I know it may sound like very silly question but… How do I copy files in Linux so that it fully utilizes NVME speeds? We’ve got all those fancy 7 GB/s gen 4 hyper fast ssds but when I’m actually doing stuff with them… they hardly exceed 3 GB/s. And it’s probably not CPU limitation because it’s TR PRO 5965wx workstation. In benchmarks it’s all cool an stuff but in real world when I’m doing cp -a on files it’s actually not all that fast.
I also tried dd if=/dev/nvme2n1 of=/dev/null bs=1G status=progress and it reaches 3.2 GB/s at best on Samsung 990 PRO 2tb and 3.1 GB/s at best on FireCuda 530. I thought it’s maybe some pci-e downgrade issues but it doesn’t seem so. lstopo -v lists 8 GB/s link pci-e speed to each drive so it looks legit.
As far as I understand modern SSDs can only reach advertised speed when they’re used in multithread fashion but well… cp -a doesn’t do that certainly.
So how do I copy files in linux in a way that would allow me to copy files at 7 GB/s speeds? (I’m asking for terminal options, there’s no GUI on this machine)
this isn’t an answer for you sorry but your question is a interesting one! just wondering what size files, like individually or in a folder or archive, are you trying to copy. That should make a difference, right?
A chain is as strong as it’s weakest link. Likewise, a connection is as fast as its slowest participant. That includes internal connections, Linux uses sockets abundantly. This tool may be useful finding the bottleneck: strace (<- man-page link!)
Regardless of cpu or ssd speeds your system wil be limited by the buss on your mainboard.
One of the purposes of cache ram on drives is to temporarily store data until it can be fed into the buss.
Imagine a funnel, you can fill its bowl fast but the outflow rate will always the same.
Careful research into the systems capabilities is a must when building a performance based system.
Most sites where you can order a board have package deals that you can pre configure the board with your choice of processor, memory, etc. And installed with burn in time.
A bottleneck in your current system could be a possibility. Do you have a Windows install on that machine to test and compare results? People often quote super high speeds for fancy new drives, but those are often benchmark numbers, and Windows benchmarks at that. Easiest way would be to make a separate Windows install on the machine and run similar benchmarks with the same or close to similar settings.
Tried this myself, and immediately, single thread cpu bottleneck occurred around 2.2GB on a gen4 drive.

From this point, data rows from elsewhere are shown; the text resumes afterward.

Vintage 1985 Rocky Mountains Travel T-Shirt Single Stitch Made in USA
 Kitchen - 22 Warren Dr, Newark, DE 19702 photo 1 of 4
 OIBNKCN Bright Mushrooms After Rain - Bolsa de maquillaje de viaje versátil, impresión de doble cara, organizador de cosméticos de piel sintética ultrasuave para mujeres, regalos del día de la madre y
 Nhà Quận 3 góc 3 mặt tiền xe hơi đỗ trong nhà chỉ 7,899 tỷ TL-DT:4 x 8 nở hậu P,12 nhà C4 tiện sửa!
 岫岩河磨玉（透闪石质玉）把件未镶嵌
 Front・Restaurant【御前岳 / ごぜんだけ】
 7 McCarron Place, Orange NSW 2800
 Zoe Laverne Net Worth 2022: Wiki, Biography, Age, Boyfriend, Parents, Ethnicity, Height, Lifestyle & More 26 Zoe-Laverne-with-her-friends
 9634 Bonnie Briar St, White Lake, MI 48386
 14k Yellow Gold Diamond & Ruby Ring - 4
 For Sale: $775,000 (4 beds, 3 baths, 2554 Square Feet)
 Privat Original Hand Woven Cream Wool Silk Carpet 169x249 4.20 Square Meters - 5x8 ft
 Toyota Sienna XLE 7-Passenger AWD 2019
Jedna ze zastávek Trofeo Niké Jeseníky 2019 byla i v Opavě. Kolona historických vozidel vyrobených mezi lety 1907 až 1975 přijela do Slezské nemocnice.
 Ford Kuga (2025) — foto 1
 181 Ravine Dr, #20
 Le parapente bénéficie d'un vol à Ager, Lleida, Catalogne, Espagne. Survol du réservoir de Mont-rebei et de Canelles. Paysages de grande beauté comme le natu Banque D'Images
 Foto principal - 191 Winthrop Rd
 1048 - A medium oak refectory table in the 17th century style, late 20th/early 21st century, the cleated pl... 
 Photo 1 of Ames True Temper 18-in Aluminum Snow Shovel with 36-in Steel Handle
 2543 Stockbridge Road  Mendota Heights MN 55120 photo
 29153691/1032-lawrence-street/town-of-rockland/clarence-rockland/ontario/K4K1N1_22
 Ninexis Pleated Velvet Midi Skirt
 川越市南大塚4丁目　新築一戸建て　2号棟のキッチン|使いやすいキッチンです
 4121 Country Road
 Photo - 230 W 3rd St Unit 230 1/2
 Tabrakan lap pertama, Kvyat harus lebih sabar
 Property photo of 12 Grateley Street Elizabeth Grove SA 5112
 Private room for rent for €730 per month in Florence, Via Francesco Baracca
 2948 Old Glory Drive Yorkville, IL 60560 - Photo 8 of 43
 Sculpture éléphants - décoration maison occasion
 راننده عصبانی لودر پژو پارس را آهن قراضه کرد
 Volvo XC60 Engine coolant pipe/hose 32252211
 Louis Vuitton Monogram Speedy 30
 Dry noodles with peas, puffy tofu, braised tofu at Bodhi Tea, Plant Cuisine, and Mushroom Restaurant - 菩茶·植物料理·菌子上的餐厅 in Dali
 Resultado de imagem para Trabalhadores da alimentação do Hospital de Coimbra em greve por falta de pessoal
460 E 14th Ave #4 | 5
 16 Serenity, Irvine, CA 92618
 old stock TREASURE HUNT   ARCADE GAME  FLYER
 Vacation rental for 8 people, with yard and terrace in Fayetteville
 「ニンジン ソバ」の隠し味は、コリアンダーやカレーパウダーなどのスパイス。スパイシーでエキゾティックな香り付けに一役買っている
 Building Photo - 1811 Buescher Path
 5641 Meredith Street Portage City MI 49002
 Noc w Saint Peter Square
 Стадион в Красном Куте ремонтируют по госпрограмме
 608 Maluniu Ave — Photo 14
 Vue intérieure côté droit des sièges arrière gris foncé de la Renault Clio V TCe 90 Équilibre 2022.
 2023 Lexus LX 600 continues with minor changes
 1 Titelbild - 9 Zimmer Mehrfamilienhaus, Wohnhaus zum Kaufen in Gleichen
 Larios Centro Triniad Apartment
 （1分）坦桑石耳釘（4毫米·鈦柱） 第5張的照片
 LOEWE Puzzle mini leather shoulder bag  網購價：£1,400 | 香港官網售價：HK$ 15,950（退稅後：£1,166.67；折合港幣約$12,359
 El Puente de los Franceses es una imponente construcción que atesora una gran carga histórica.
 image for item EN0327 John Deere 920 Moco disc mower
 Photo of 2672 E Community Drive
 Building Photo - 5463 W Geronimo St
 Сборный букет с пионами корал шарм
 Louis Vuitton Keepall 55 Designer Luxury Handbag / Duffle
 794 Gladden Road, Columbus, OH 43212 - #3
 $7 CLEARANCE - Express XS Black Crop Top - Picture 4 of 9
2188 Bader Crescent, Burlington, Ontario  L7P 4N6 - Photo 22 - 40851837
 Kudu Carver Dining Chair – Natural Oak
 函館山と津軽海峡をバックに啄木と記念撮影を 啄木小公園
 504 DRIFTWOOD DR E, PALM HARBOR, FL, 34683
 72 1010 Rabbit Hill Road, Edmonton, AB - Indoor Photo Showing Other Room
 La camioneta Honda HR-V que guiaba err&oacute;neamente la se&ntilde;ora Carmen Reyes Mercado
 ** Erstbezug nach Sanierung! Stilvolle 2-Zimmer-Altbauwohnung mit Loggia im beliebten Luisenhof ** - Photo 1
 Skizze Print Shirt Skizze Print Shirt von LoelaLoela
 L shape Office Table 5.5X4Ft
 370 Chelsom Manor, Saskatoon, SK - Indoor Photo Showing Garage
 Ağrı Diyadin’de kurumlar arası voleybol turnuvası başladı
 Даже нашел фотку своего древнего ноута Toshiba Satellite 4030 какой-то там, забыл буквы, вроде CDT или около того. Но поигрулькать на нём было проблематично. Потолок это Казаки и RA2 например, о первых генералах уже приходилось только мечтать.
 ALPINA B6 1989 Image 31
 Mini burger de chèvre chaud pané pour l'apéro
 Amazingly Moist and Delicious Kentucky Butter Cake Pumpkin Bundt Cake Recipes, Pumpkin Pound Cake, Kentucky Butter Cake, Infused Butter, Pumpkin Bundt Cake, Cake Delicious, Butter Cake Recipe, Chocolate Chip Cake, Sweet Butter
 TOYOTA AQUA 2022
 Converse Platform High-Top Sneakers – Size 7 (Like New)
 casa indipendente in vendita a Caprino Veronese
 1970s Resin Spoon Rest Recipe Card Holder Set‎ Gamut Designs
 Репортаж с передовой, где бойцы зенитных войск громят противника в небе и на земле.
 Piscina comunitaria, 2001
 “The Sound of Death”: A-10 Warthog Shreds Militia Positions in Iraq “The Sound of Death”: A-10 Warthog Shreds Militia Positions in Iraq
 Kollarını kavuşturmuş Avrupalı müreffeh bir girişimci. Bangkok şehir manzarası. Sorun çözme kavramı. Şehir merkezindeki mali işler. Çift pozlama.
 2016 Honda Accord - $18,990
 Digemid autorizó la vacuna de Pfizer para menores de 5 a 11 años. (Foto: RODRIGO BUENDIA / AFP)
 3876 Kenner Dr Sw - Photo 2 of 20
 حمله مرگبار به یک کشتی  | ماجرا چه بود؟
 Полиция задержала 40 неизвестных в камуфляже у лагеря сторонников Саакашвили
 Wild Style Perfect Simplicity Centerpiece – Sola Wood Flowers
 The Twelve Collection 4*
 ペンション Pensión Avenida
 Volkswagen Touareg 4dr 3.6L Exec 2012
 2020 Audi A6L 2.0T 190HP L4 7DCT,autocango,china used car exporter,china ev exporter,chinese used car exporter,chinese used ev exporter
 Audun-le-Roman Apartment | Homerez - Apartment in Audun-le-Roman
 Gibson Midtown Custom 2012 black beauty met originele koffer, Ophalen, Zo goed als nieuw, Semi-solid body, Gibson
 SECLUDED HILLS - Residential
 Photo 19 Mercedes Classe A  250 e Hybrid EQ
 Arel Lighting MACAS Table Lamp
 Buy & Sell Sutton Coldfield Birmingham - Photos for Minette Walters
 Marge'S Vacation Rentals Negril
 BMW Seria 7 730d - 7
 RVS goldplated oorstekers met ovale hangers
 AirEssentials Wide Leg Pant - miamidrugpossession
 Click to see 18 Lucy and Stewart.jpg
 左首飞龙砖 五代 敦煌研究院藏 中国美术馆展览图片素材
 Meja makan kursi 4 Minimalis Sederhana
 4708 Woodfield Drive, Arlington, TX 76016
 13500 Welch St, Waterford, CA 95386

Doing a btrfs scrub sees rates in excess of 5GB/s, right in line with the rated read speed, so it’s clear to me that DD is not multithreaded and hits a bottleneck on a single thread.
Mass filecopy also goes pretty fast for large files, close to full speed, but sees performance dip when copying many small files.
kdiskmark can also show high numbers if that’s what you’re after.
If you want to actually copy data between two drives, well… If they use the same filesystem, just copy the files via rsync or a file manager or something?
yeah, I had 3 GB/s with single dd and then I started another dd with 1TB offset on drive and it also was running at 3GB/s so in total it was reaching 6GB/s but not really what I wanted to achieve so it kinda sucks xD
I’m usually copying VM images which are hundreds of GB in single file. 300 GB+ hence it’s kind annoying that I’m only getting 3 GB/s while my disks can achieve much more.
I mean I probably didn’t describe it in clear enough way - when I use eg. parallel to run multiple cp command threads on single files list then it’s considerably faster but it doesn’t work for single giant file (like VM images) so I’m actually asking for tool that copies SINGLE file using multiple threads. I know it may at first sound “impossible” but it really isn’t - with big files you can just read from multiple cursors (eg. for 100GB file, spawn 4 processes, one readying from 0, another from 25GB, another from 50GB and so on), to file that has been allocated with truncate to specified size beforehand. It would certainly introduce some fragmentation to data but sometimes you don’t really care, especially if it’s only 4 continuous chunks. In fact they most likely wouldn’t be continuos in the first place anyways. Like I said I can achieve leaflet speeds when using multiple dd’s manually on single big file but well… I don’t wanna calculate it evey time for each file. I could most likely hack some dd script in bash but come on, someone sure made it properly in C right?.. right?..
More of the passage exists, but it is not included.